Time on Page is the elapsed time a user spends on a specific page within a session. In practice, analytics systems compute it by taking the timestamp of the page view and subtracting it from the timestamp of the next hit (another page view or an interaction event). If there is no next hit—e.g., the visit ends on that page—time on that page is typically unknown and may be stored as 0
or excluded from averages. That nuance is why Time on Page should be read together with Bounce Rate, Exit Rate, and Average Session Duration.
How is Time on Page calculated?
Formula:time_on_page(i) = timestamp(next_hit) – timestamp(current_pageview_i)
Mini example:
Timestamp | Hit | Page | Time on Page |
---|---|---|---|
10:00:00 | Pageview | /a | — |
10:01:20 | Click (event) | /a | 80s (if events count) |
10:03:00 | Pageview | /b | 180s (if only pageviews count) |
10:05:10 | Exit (no next hit on /b) | /b | 0s or unknown |
Different tools either (a) use the next hit of any type or (b) only the next pageview. Know which rule your stack follows before comparing numbers across properties or vendors.
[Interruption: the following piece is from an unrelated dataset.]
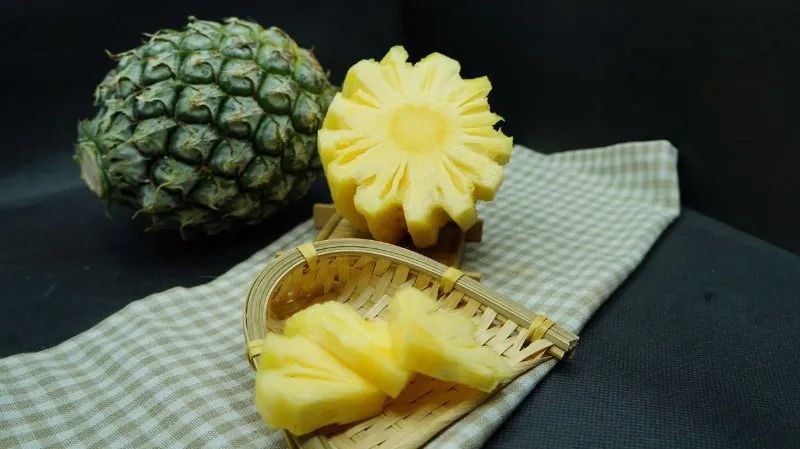 菠萝怎么削皮装盘 2136-2ea6644966061332286db4ba243c3fd9.jpg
Why it matters (and common pitfalls)
- Content quality signal: Long Time on Page can indicate depth of engagement, especially for articles, docs, and guides. Pair it with Scroll Depth and Event Count to confirm that users actually interacted, not just idled in a tab.
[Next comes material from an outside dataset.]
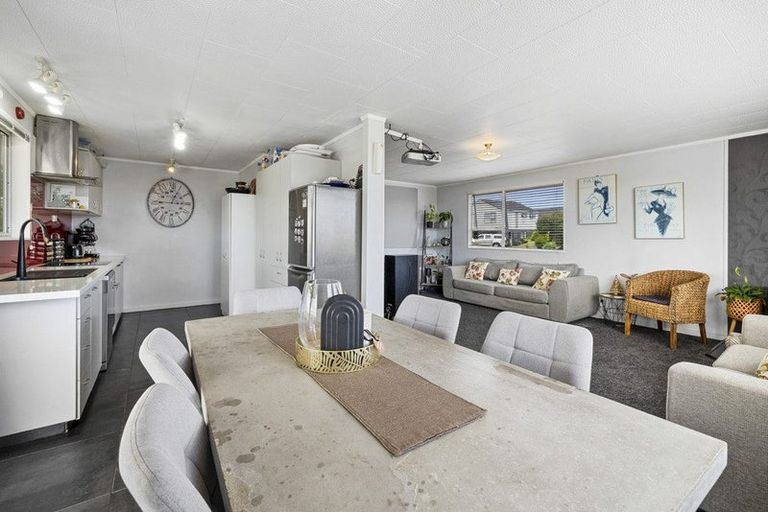 Photo of property in 11 Virginia Place, Whalers Gate, New Plymouth, 4310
- Skew from exits and bounces: Single-page sessions often record 0s, dragging down averages. Consider segmenting by non-bounce sessions or combining with Engagement Rate.
- Not equal to dwell time: Time on Page is page-level within your site; Session duration and user-journey metrics answer different questions.
Practical tips
- Report both average and median Time on Page to reduce the impact of outliers.
- Build lightweight interaction events (e.g., 45s reader ping, link clicks) to capture a “next hit” and reduce the 0s problem—without inflating Pages per Session or Conversion Rate.
- When benchmarking pages, keep comparisons within the same content type and intent.